Dall’analisi di questi incidenti, emerge che i casi di cyber crime rappresentano ancora la grande maggioranza degli attacchi gravi rilevanti, ma in netto aumento sono i casi di spionaggio e sabotaggio (ben 203 casi rilevanti nel 2018, con un incremento di quasi il 60% rispetto all’anno precedente).
Questi numeri risultano ancora più interessanti se si analizza l’impatto degli incidenti. Ed infatti, circa la metà dei casi di cyber crime hanno un impatto basso e un 30% circa ha impatto medio.

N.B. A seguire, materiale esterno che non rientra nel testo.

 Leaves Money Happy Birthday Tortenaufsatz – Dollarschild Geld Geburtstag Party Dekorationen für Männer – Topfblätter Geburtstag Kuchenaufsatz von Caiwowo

Viceversa, nei casi di spionaggio e sabotaggio gli impatti sono gravi nel 90% e oltre dei casi.
Da questi numeri emerge chiaramente che le aziende hanno molto da preoccuparsi in termini di danni derivanti dalla insicurezza informatica e, infatti, il tema dei danni potenziali è ormai molto sentito dai vertici aziendali.

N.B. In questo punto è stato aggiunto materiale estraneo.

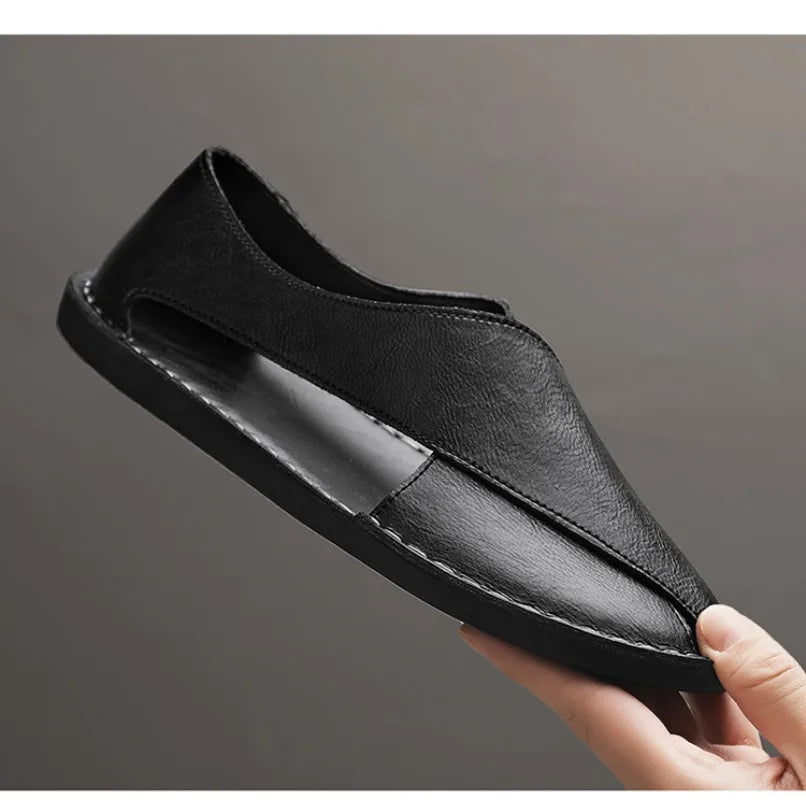 Men's Lightweight Breathable Leather Sandals | Summer Beach Shoes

Ma di quali danni si sta parlando?
Sicuramente un primo timore è costituito dalle conseguenze economiche derivanti dagli attacchi: perdita di business, perdita di produttività, perdita di dati.
Se si indaga poi su quali siano i maggiori timori che le aziende italiane hanno per i prossimi anni (Fonte: Osservatorio information security & privacy Politecnico di Milano) è possibile stilare questa particolare classifica:
- lo spionaggio;
- le truffe;
- l’acquisizione del controllo di sistemi come impianti di produzione.
Insomma, la tecnologia è essenziale, ma fa paura.
Le coperture assicurative per cautelarsi contro il rischio cyber
Il danno economico è del tutto evidente se si vanno ad analizzare le principali finalità degli attacchi cyber: la grande maggioranza sono truffe e estorsioni mirate al vantaggio economico, seguite da intrusioni a scopo di spionaggio ed interruzioni del servizio (Fonte: Osservatorio Politecnico).
Nell’era dei social media, oltre al danno economico diretto, desta poi grande preoccupazione anche il danno di immagine.
Recentemente una primaria banca italiana ha dovuto avvisare un elevato numero di clienti in merito ad un avvenuto data breach.
La comunicazione, necessitata ai sensi del Regolamento europeo, meglio noto come GDPR, rende chiaro il problema della propria immagine verso l’esterno, con tutte le conseguenze potenziali che questo può generare.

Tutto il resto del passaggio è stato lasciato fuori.